• [Data segment]:
-*-*-
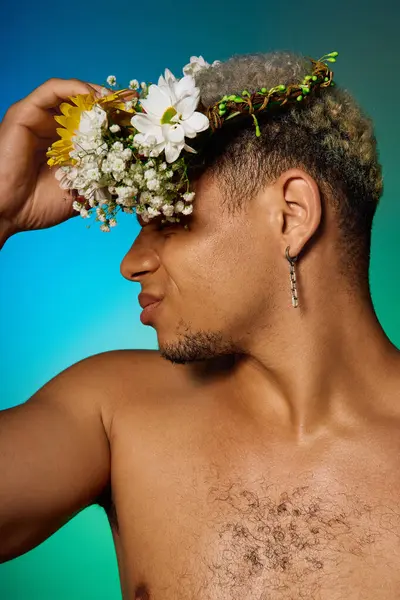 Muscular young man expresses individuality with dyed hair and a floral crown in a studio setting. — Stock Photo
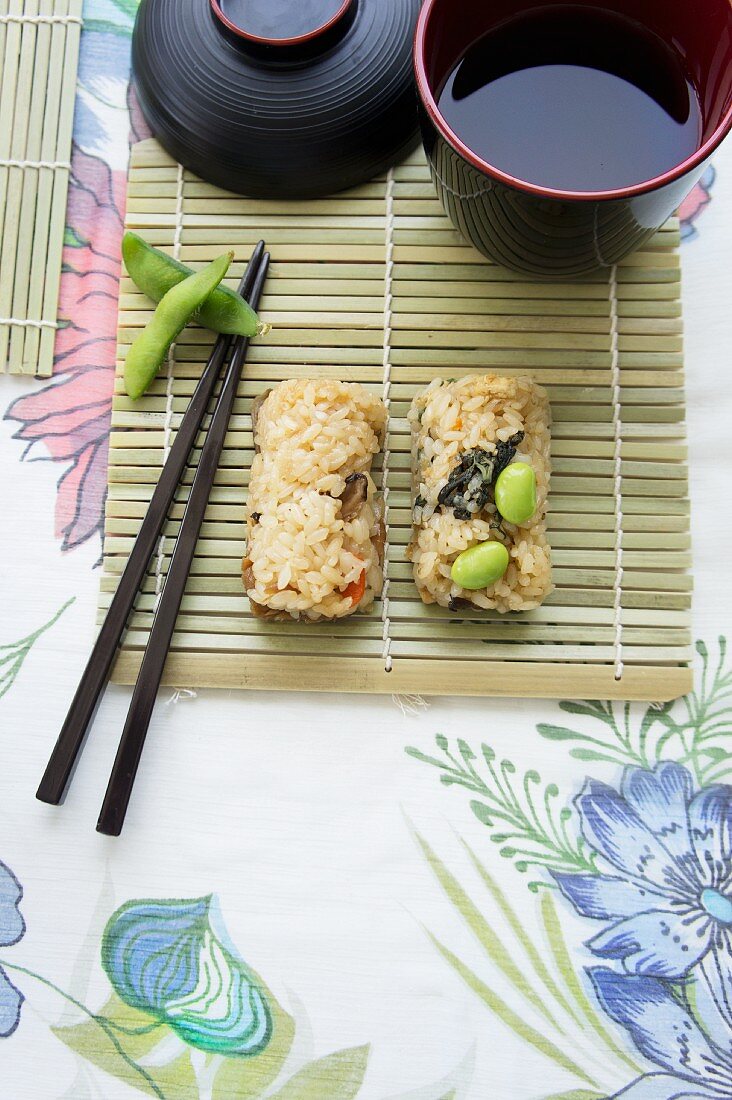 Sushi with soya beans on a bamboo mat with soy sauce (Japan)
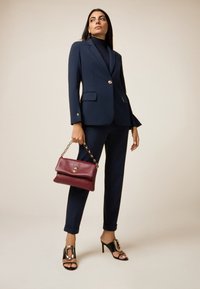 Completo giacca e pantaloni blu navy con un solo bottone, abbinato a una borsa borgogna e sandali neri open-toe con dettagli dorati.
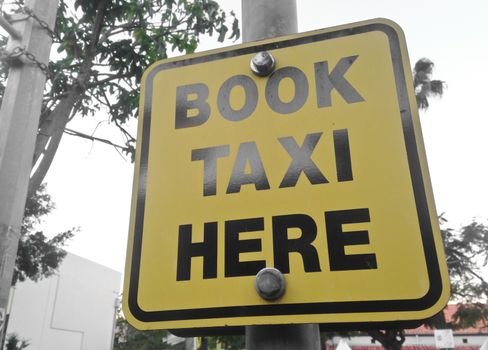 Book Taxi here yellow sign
-*-*-
• [Exercise prompt]:
Return the data exactly as it stands, minus the pictures.

• [Exercise result]:
 Muscular young man expresses individuality with dyed hair and a floral crown in a studio setting. — Stock Photo
 Sushi with soya beans on a bamboo mat with soy sauce (Japan)
 Completo giacca e pantaloni blu navy con un solo bottone, abbinato a una borsa borgogna e sandali neri open-toe con dettagli dorati.
 Book Taxi here yellow sign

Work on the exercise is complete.